22/01/2011

Brincando de escrever...


 Fim de ano. Novas promessas e velhas tentações. Já passava das duas da madrugada, quando Antonieta veio a mim, procurar pelo então bom moço que deixara para trás as luzes da ribalta na praça de San Antônio e se resguardara em seu apartamento decrepito e igualmente sombrio. Bateu-me à porta com a mesma ânsia intuitiva de um cobrador de impostos insensível, com os nós dos dedos estalando ruidosamente por sobre a madeira velha, carcomida pelas traças.

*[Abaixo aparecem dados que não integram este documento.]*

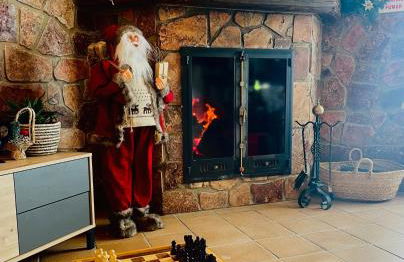 El Pinsapo Casa Rural - Foto 47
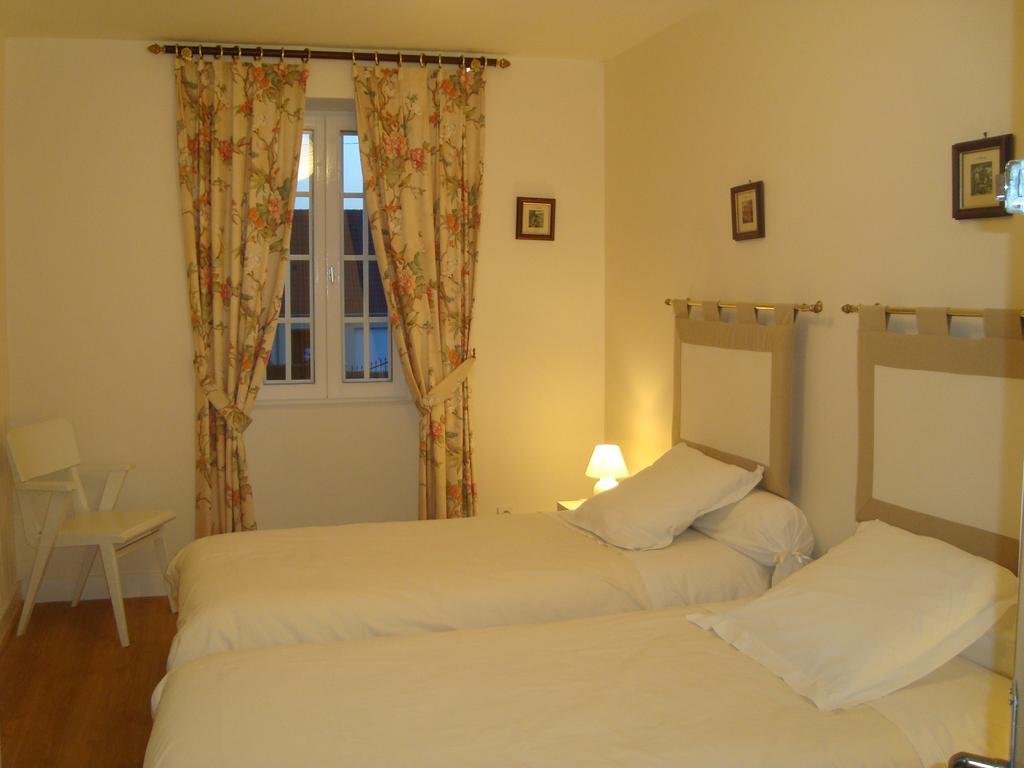 La Maison Claire Longueville  ห้อง รูปภาพ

“Gardênio, abra! é Antonieta.”
“Entre” - Convidei-a, meio sem jeito e vontade, a aproximar-se. Seus olhos, resguardados pelas cavidades oculares exageradamente profundas e acinzentadas, eram a mais pura expressão de monótono cansaço matinal. Notando com característico desdém a falta de esmero do recinto, lançou-me de relance um olhar fulminante, que tencionava dizer mais do que as palavras seriam capazes de fazê-lo.
“Um pouco de sobriedade faria bem.” - Disse ela, me fitando com seus olhos duros, impenetráveis.
“Não quero ser sóbrio Não preciso ser sóbrio A sobriedade faz das pessoas idiotas.” - Respondi, relutante. Me apegava as mais ínfimas lembranças de um passado remoto e quase esquecido com o mesmo ardor de um náufrago prestes a ser resgatado.
“E a falta dela as transforma em canalhas.”
“Que seja. Antes um canalha bêbado do que um idiota sóbrio.”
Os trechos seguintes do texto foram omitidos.